Data:
Segment Open
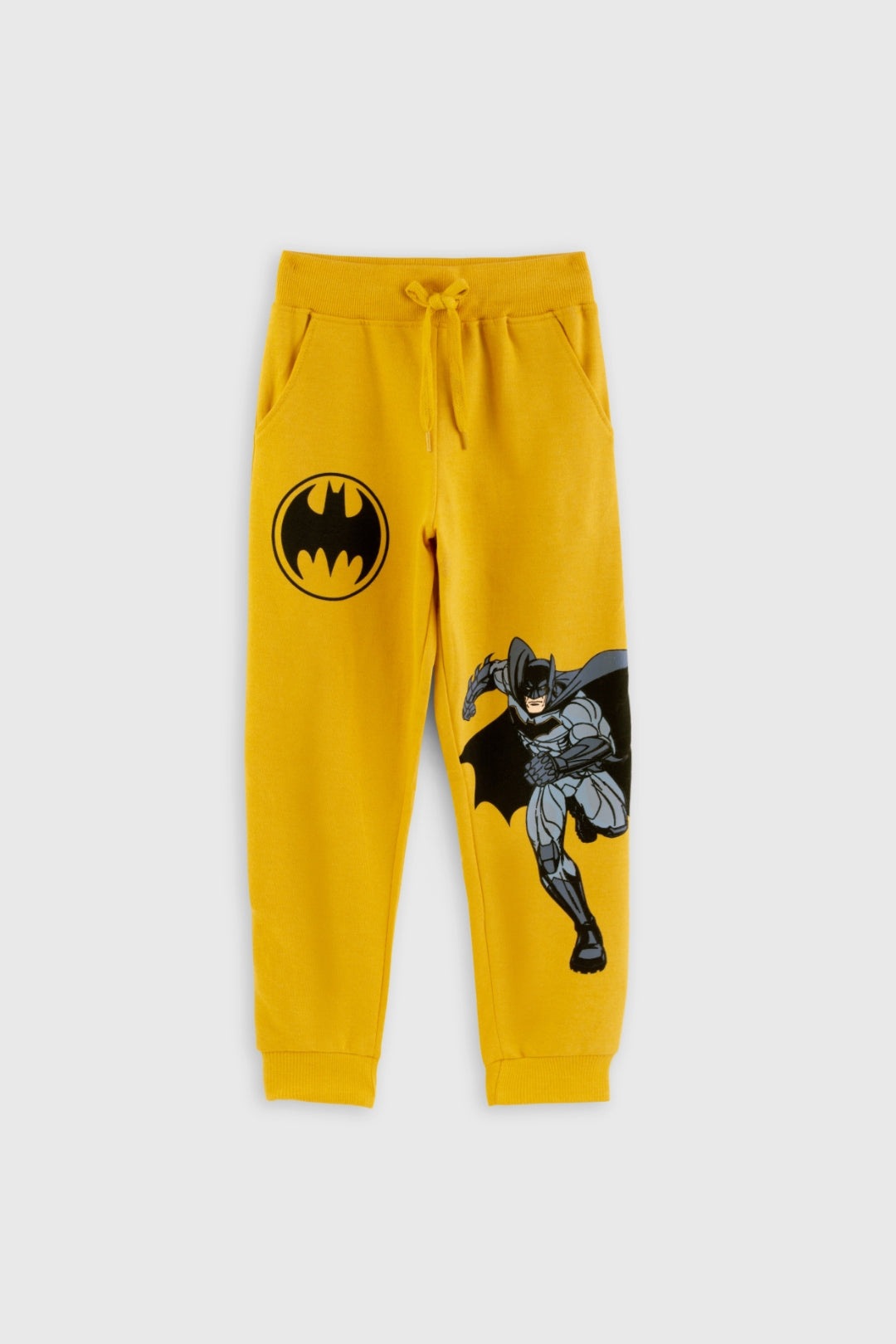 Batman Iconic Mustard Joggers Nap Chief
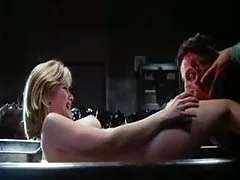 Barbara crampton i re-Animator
Segment Closed
Segment Open
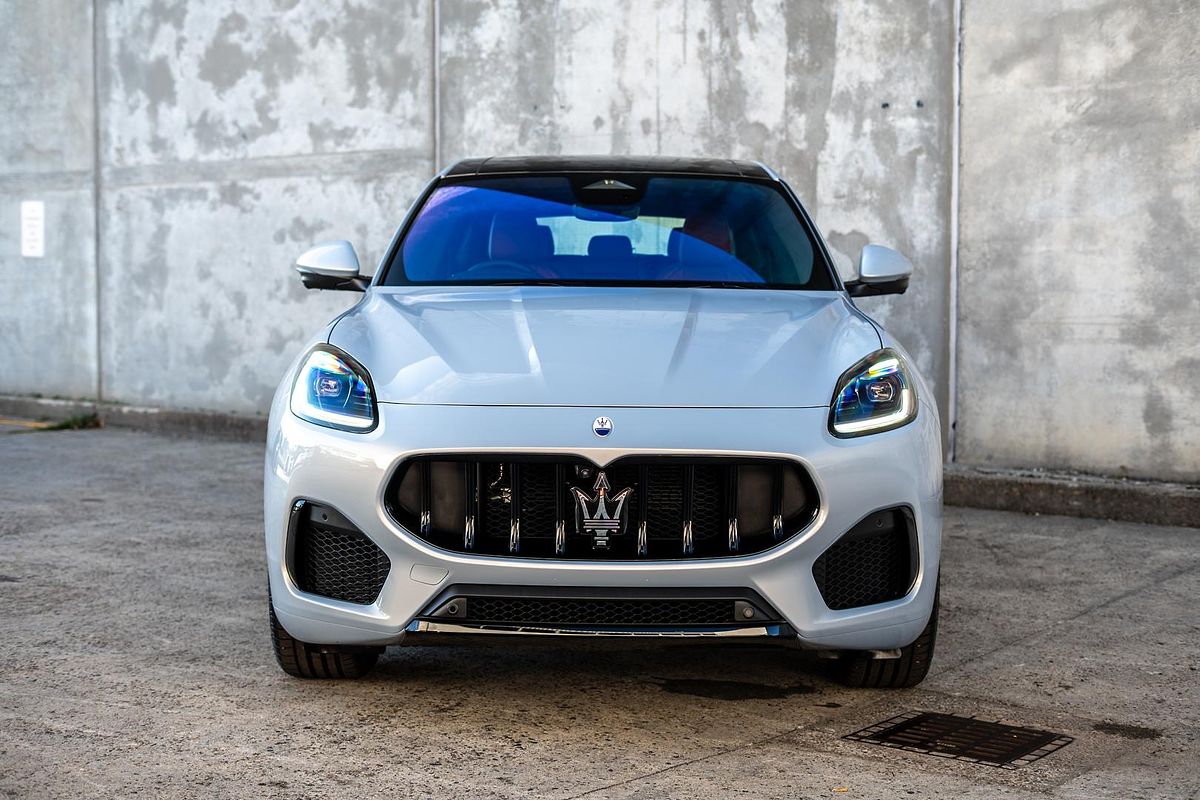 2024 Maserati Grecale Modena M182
Segment Closed
Reproduce, word for word, only the lines in the records above from the line with "Batman Iconic Mustard Joggers Nap Chief" through the line with "Barbara crampton i re-Animator", including both ends; omit the pictures.

 Batman Iconic Mustard Joggers Nap Chief
 Barbara crampton i re-Animator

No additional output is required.